Heimreise ins Gefängnis

Über die Gefährlichkeit des geschriebenen Wortes wurde Dogan Akhanli bereits 1975 belehrt. Er saß fünf Monate im Gefängnis, weil er an einem Kiosk eine linke Zeitung gekauft hatte. Der 1957 in der Türkei Geborene musste nach dem Militärputsch in den achtziger Jahren noch härtere Repression ertragen – Folter, Haft und erneute Verfolgung. 1991 floh er schließlich nach Deutschland. 20 Jahre lang hatte der Schriftsteller sein Herkunftsland nicht mehr betreten, als er im August vergan­genen Jahres die Einreise in die Türkei wagte. Seine Mutter war bereits während seiner Abwesenheit verstorben, und nachdem Akhanlis Vater schwer erkrankte, wollte er sich wenigstens von ihm verabschieden. Die Reise war riskant, schließlich war er 1992 aus­gebürgert worden und hatte in seinen Romanen scharfe Kritik an der Türkei und ihrem politischen System geäußert. Zudem war er der erste türkische Autor, der über den Genozid an den Armeniern schrieb. Akhanli war jedoch der Überzeugung, die politisch motivierte Repression der türkischen Justiz sei für ihn nur noch der Inhalt seiner Romane und Albträume.

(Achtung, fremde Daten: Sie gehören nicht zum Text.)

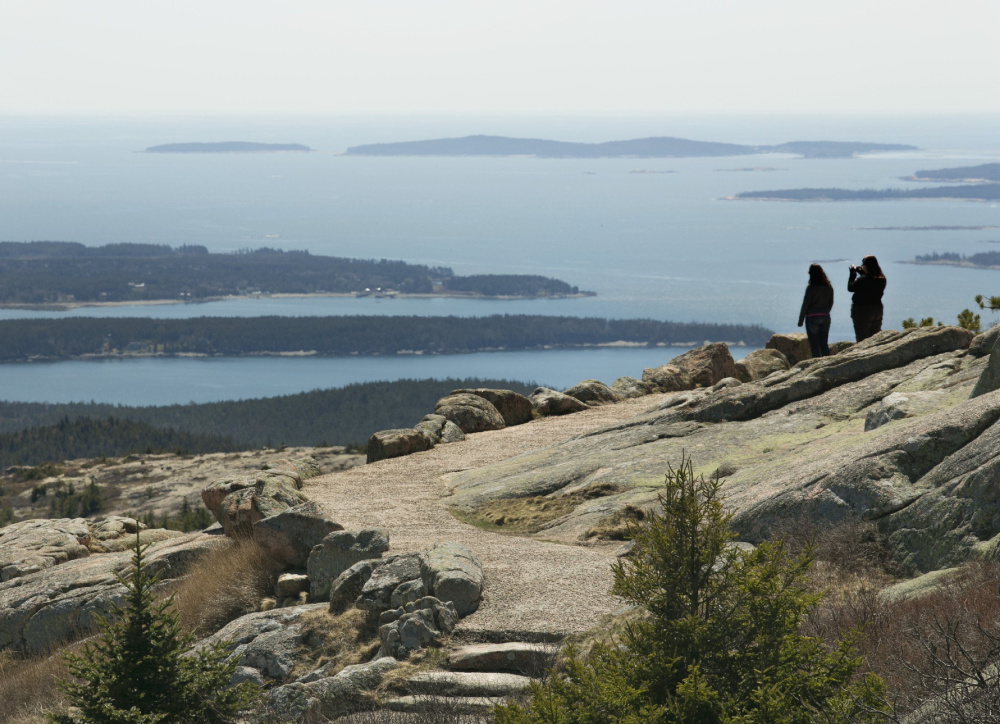 Two women take in the view from Cadillac Mountain in Acadia National Park.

Doch kaum war Akhanli am 10. August vorigen Jahres auf dem ­Istanbuler Fughafen gelandet, wurde er festgenommen und wieder von der türkischen Staatsanwaltschaft vor Gericht gestellt. Es folgten mehrere Monate in Untersuchungshaft. Der Vorwurf, er habe sich 1989 an einem tödlichen Raubüberfall auf eine Wechselstube beteiligt und einer linken Terrorgruppe finanzielle Hilfe geleistet, stützt sich ausschließlich auf zwei Zeugenaussagen, die bereits zurückgezogen worden sind, da sie Ergebnisse von Folter waren. So kam Akhanli im Dezember wieder auf freien Fuß, sein Vater war jedoch inzwischen gestorben. Der Menschenrechtler nutzte die wenigen Wochen, die er in Freiheit in der Türkei verbrachte, und stellte in ­Istanbul seinen neusten Roman »Fazil« vor, in dem er seine Foltererlebnisse in den türkischen Gefängnissen verarbeitet. Daraufhin wurde er im Januar offiziell aus der Türkei ausgewiesen. An den folgenden Verhandlungstagen seines Prozesses, der sich bis Oktober hinzog, konnte er somit nicht teilnehmen. Der vierte und letzte Verhandlungstag endete am Mittwoch vergangener Woche mit einem Freispruch. Dass Akhanli überhaupt nach 20 Jahren noch einmal Opfer der Gesinnungsjustiz der Türkei geworden ist, bestätigt ihn nur in seiner Kritik am türkischen Staatsapparat und darin, weiter zu kämpfen.